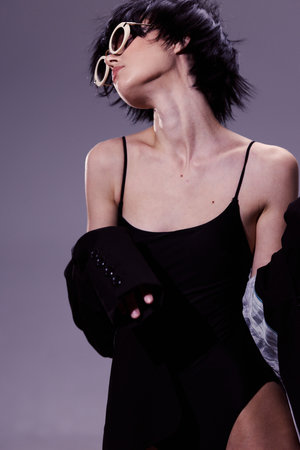 Stylish woman in black bodysuit posing with sunglasses and short hair on purple backgroundの写真素材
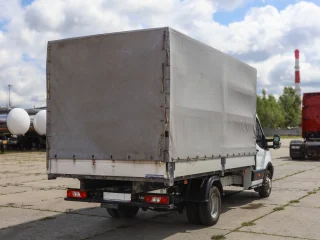 Бортовой тентованный фургон Ford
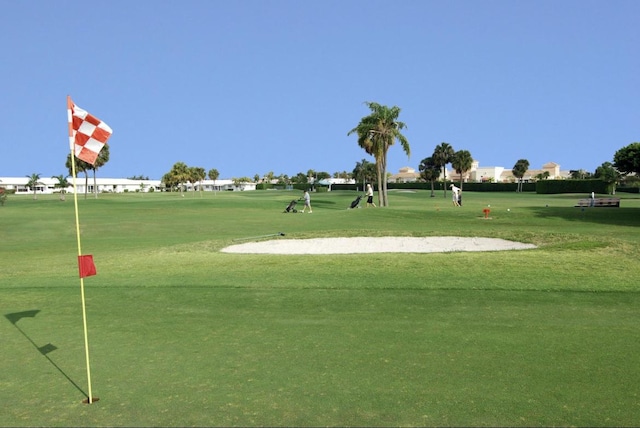 surrounding community with a lawn and golf course view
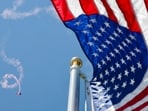 Members of the US Army parachute team 'Golden Knights' perform above a US flag during the 'Salute to America' Independence Day celebration on the National Mall in Washington, DC, on July 4, 2026.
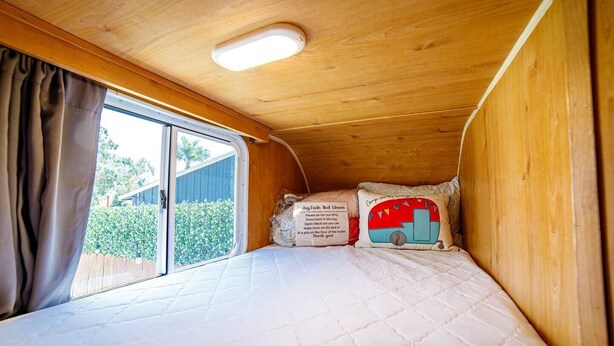 A small, cozy sleeping area with a bed, a pillow with a camper van design, and a sign with care instructions. - End of Summer Savings at Darling Daisy! (El Cajon)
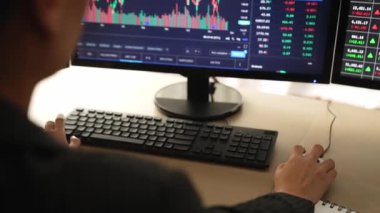 Borsa pazarlamasını analiz eden bir borsa yatırımcısı. Monitörlere bakıyor. Zarar ve kazanç ve kazanç için mum bar fiyatlarını analiz ediyor. Filizlenen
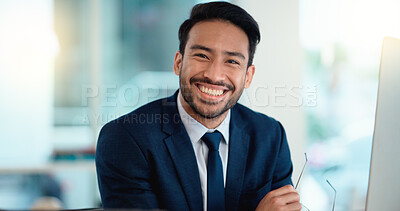 Buy stock photo Happy young business man looking ready for the day while working on a computer and smiling alone at work. Portrait of one corporate professional looking confident and successful in the office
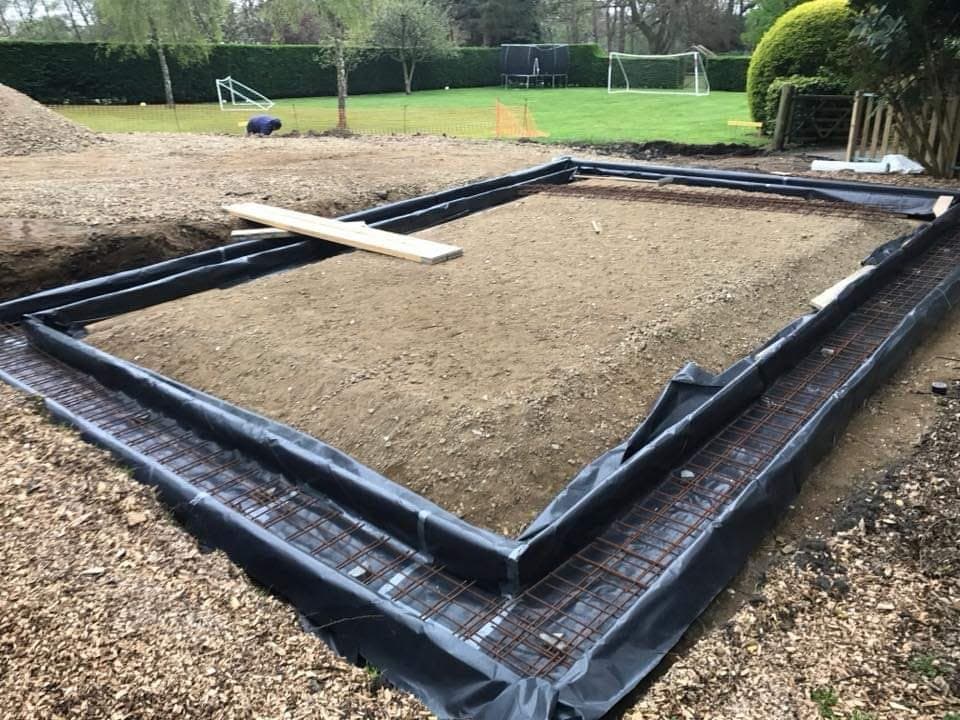 Foundation trenches lined with membrane and steel reinforcement, ready for concrete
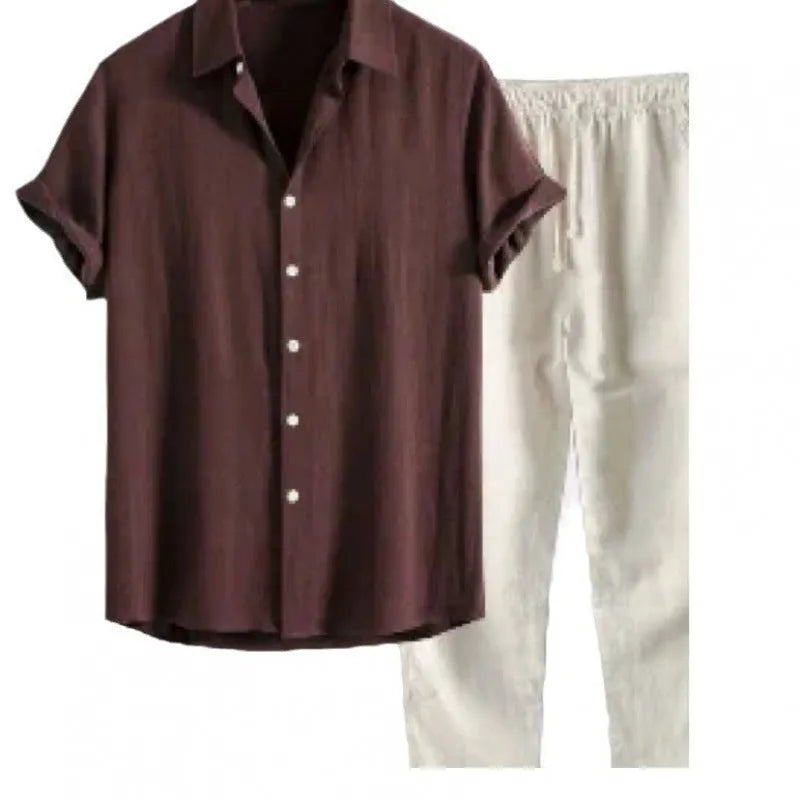 Man wearing a loose casual short-sleeve linen-look shirt and matching trousers in a solid colour.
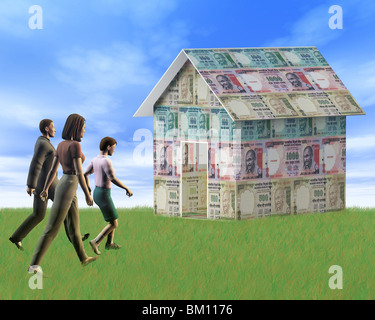 Man with women walking towards a house made from Indian rupees Stock Photo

WHAT YOU NEED TO DO: Only the lines from the start of the material to the line with "Borsa pazarlamasını analiz", inclusive, belong in the answer, printed exactly and free of pictures.

EXERCISE RESULT:
 Stylish woman in black bodysuit posing with sunglasses and short hair on purple backgroundの写真素材
 Бортовой тентованный фургон Ford
 surrounding community with a lawn and golf course view
 Members of the US Army parachute team 'Golden Knights' perform above a US flag during the 'Salute to America' Independence Day celebration on the National Mall in Washington, DC, on July 4, 2026.
 A small, cozy sleeping area with a bed, a pillow with a camper van design, and a sign with care instructions. - End of Summer Savings at Darling Daisy! (El Cajon)
 Borsa pazarlamasını analiz eden bir borsa yatırımcısı. Monitörlere bakıyor. Zarar ve kazanç ve kazanç için mum bar fiyatlarını analiz ediyor. Filizlenen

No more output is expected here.